I saw them for $3.5k at the castle hill expo in 2012. Guess I should have picked one up then. Interesting that they went down and then back up in price.


----------



## Jdawgg910 (Jun 6, 2013)

Skeptic said:


> I saw them for $3.5k at the castle hill expo in 2012. Guess I should have picked one up then. Interesting that they went down and then back up in price.



Lets hope they go back up in price when mine are breeding size.


----------



## Amazing Amazon (Jun 6, 2013)

Our Female Albino Olive and 100% Het Male locking up last week. Fingers Crossed!


----------



## Jdawgg910 (Jun 7, 2013)

Amazing Amazon said:


> Our Female Albino Olive and 100% Het Male locking up last week. Fingers Crossed!
> 
> View attachment 290878


Amazing! Let me know if you're successful.


----------



## champagne (Jun 7, 2013)

Skeptic said:


> I saw them for $3.5k at the castle hill expo in 2012. Guess I should have picked one up then. Interesting that they went down and then back up in price.


they never went down, they have been 5 - 6k for the last couple of years.... you can pick up fussy eating slow starters for cheaper because they aren't any good for breeding.


----------



## mattyg (Jun 7, 2013)

u sure?


----------



## No-two (Jun 7, 2013)

There's certainly more than one of those 'fader' bredli going around. And its pretty ugly in comparison. I'll be keeping my albino olives.


----------



## jinjajoe (Jun 7, 2013)

mattyg said:


> u sure?



come back when you prove the mode of inheritance plain & simple............... because until you do it ain't worth squit.


----------



## champagne (Jun 8, 2013)

mattyg said:


> i have a adult calico/patternless bredli python, ive heard of 2 other calico bredli pythons and absolutly no patternless and calico bredli python other then mine, my point being is its definitely rare and the highest ive been offered is $3200 so i cant see a albino olive hatchling being anywhere worth $5000, as darryl kerrigan would say "Tell him he's dreaming''


call the person back that offered you $3200 and jump on it. There are a few of these ''faded'' bredli getting around and it is not a simple mode of inheritance so because of that they will always be worth very little, the way they look does help the situation either sorry


----------



## mungus (Jun 8, 2013)

Jdawgg910 said:


> Privately by word of mouth, from one breeder to another. Another member who a majority of herpers will know has them up here in Darwin too.
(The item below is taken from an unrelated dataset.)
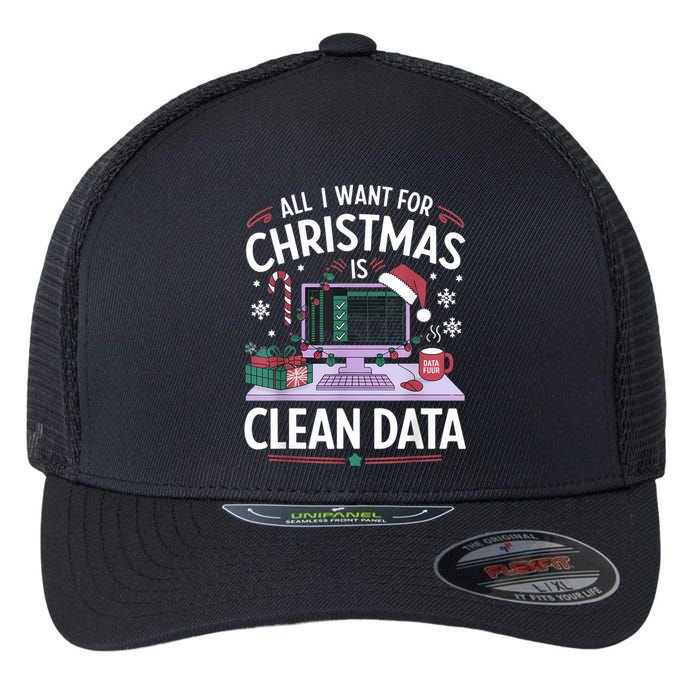 Funny Data Analyst Christmas Pun For Data Nerds Christmas 24 Flexfit Unipanel Trucker Cap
If you wish to know who, PM me.
> 
> There's also another person who I have dealt with in person who is on here who says his mate breeds them and sells them for $800- $1,000 per hatchling pending on clutches per season.
> 
> Think your name was Paul, if it was you could you please PM me.



Please let him know i'll buy all his clutches this coming year !!!!!
Let me know if he has any laying around atm so i can buy them as well


----------



## Sissy (Jun 9, 2013)

I'm sure they've mixed up their albino's as Darwin's are not uncommon at $800 - $1000 and as already stated due to their breeding patterns, lines and rarity $5000 is a very respectable price... I've seen adults ready for this season. Still going for 10k..


----------



## Pythonking (Jun 9, 2013)

I'll be looking at buying an albino olive one of these days the max I would pay is probably around 2-3k so I may be waiting a little but if there is one guarantee tgey will come down in price in time


----------



## Dippy (Jun 9, 2013)

I can't wait to get my little Albino Olive :3


----------



## RSPcrazy (Jun 9, 2013)

My fiancée paid $9000 for hers about 3 years ago now, so I think $5000 is a perfectly reasonable price, especially when you factor in how tricky they can be to breed.


----------



## Sleazy.P.Martini (Jun 9, 2013)

According to scales and tails Facebook page you can pick them up for as little as $450


----------



## andynic07 (Jun 9, 2013)

Sleazy.P.Martini said:


> According to scales and tails Facebook page you can pick them up for as little as $450


I just had a quick look and can not see that , are you able to screenshot that part and post it here or maybe drop me the link via PM.


----------



## Sleazy.P.Martini (Jun 9, 2013)

Its been deleted now, didn't last long. I wouldn't get too excited at the possibility of a 400 dollar albino olive...


----------



## andynic07 (Jun 9, 2013)

Sleazy.P.Martini said:


> Its been deleted now, didn't last long. I wouldn't get too excited at the possibility of a 400 dollar albino olive...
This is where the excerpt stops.